The company specifically mentioned that cuts to U.S. research grants led to increased pressure on research spending in the second quarter. It also saw a negative impact from tariffs on its fiscal 2025 earnings. This was stated to be around 25 cents per share.

Becton Dickinson also lowered its full-year guidance. Projected revenue was slightly narrowed between $21.8 billion and $21.9 billion from $21.7 billion and $21.9 billion. The real downgrade was that organic revenue growth expectations were lowered to 3% to 3.5%  from 4% to 4.5%. The guidance for adjusted diluted EPS was also lowered between $14.06 to $14.34 from the prior range of $14.3 to $14.6.

I expect the stock to bottom out soon, as tariffs are no longer as significant as the company accounts for in its guidance. Plus, none of the disappointments are bad enough to justify the stock falling 24.1% year-to-date.

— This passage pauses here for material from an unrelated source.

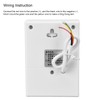 Wired Electronic Bell, 12V Dingdong Ringtone 90dB Wired Electronic Doorbell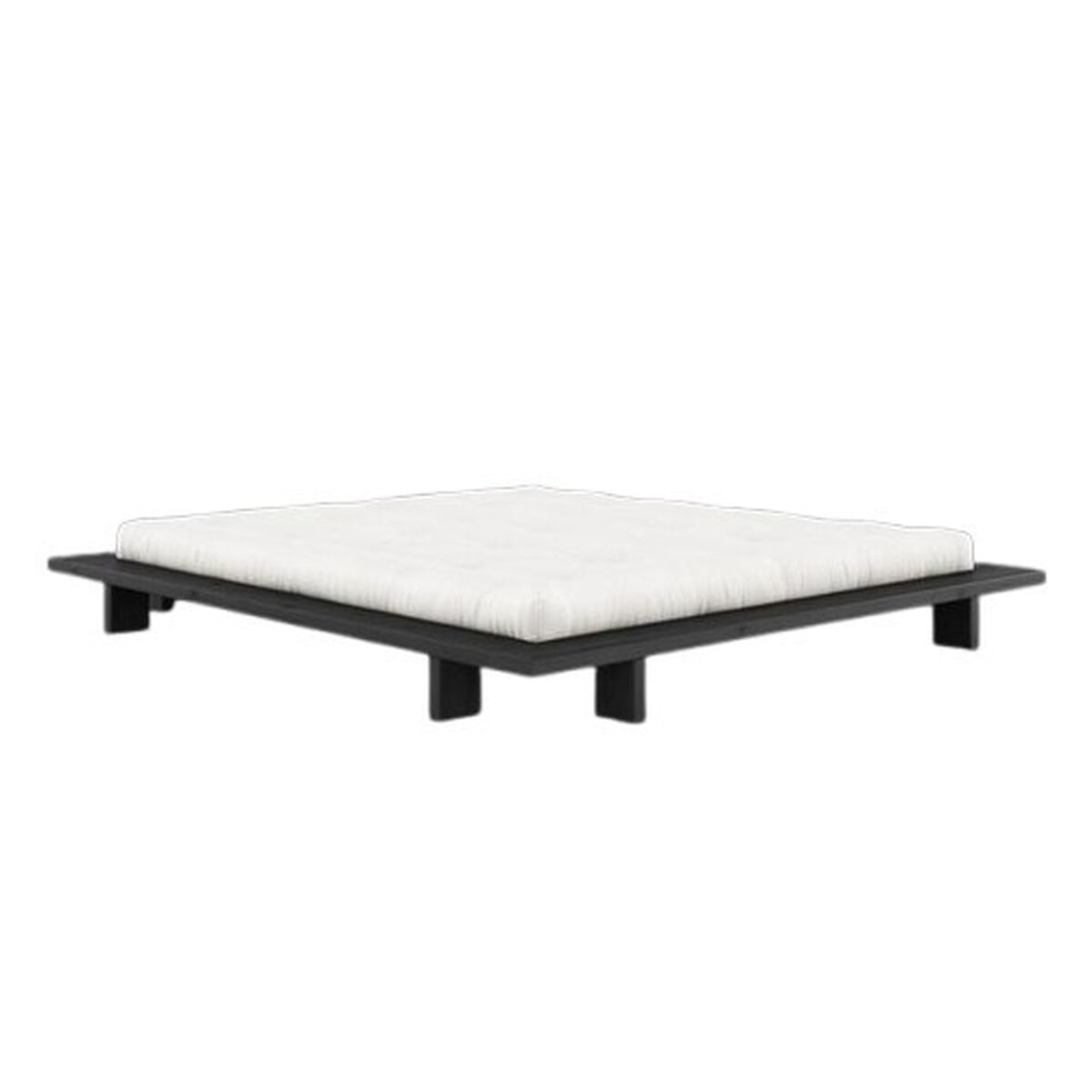 Estructura de cama Japan 180x200 Negro Noche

BDX stock has historically traded within the range of $225 to $280 since 2018, and it is likely to return to that range eventually, especially if management re-adjusts guidance after tariffs pause and trade deals.


Currently, the stock comes with little downside risk. The consensus price target at $231.44 implies 34.67% upside potential, and even the lowest price target at $185 implies upside. In the meantime, you can sit on its 2.42% dividend yield.

The post UNH, TGT, BDX: 3 Ridiculously Undervalued Stocks Set to Surge in May 2025 appeared first on 24/7 Wall St..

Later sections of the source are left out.